TASK DATA:

++++++++++

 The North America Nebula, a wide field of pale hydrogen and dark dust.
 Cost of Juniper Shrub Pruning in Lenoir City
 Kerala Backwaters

++++++++++

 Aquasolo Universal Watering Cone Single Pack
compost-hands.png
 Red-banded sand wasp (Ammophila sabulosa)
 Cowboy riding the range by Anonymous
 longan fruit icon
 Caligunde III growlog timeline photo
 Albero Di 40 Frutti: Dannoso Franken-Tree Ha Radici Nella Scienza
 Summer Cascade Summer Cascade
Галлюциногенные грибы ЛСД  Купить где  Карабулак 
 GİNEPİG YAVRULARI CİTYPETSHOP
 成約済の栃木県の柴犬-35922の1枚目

++++++++++

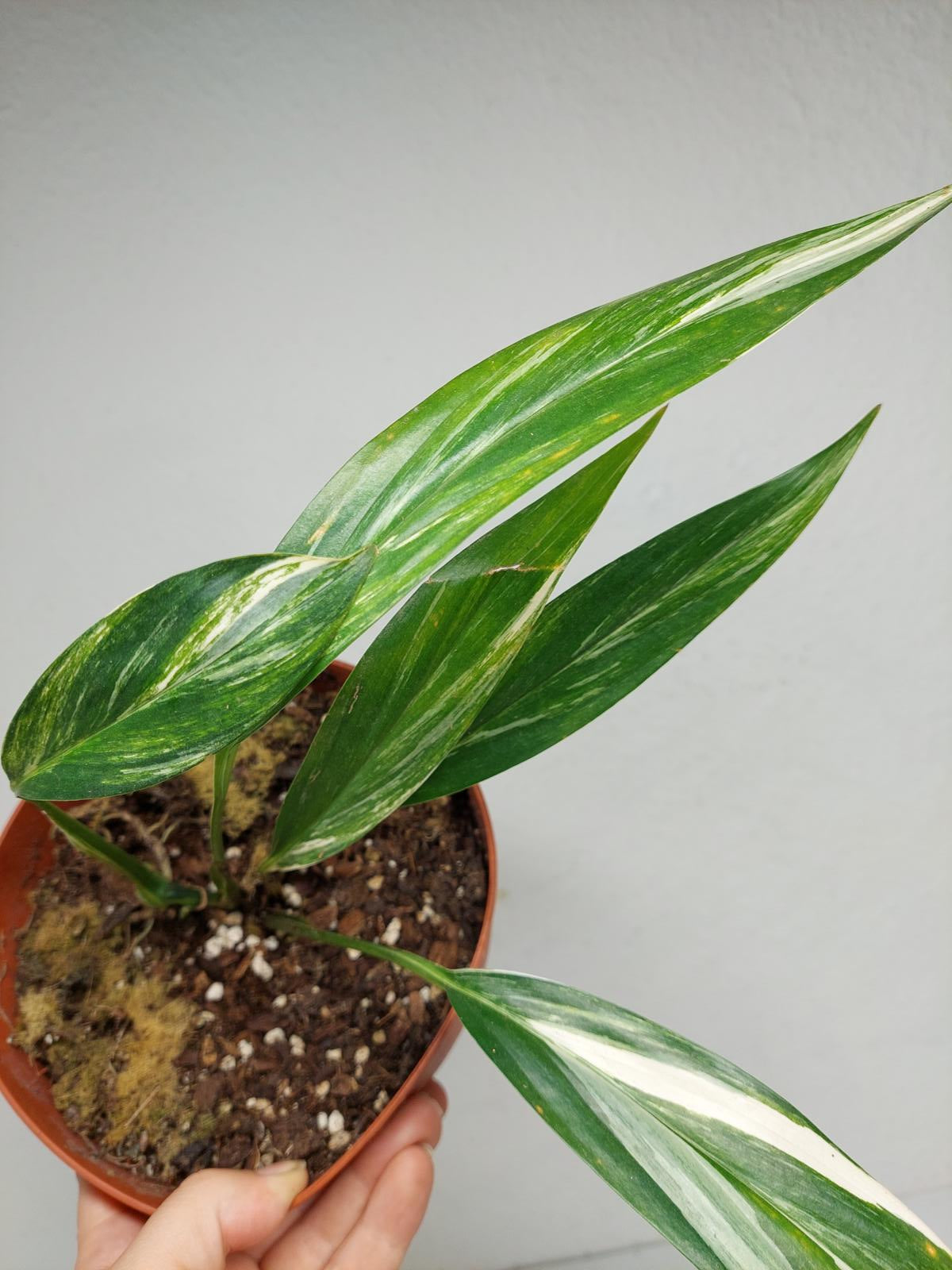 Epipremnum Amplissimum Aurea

++++++++++

PROBLEM TO WORK ON: All that belongs in the answer is the run of lines above from the line containing "The North America" through the line containing "Kerala Backwaters", exactly as written.

TASK SOLUTION:
 The North America Nebula, a wide field of pale hydrogen and dark dust.
 Cost of Juniper Shrub Pruning in Lenoir City
 Kerala Backwaters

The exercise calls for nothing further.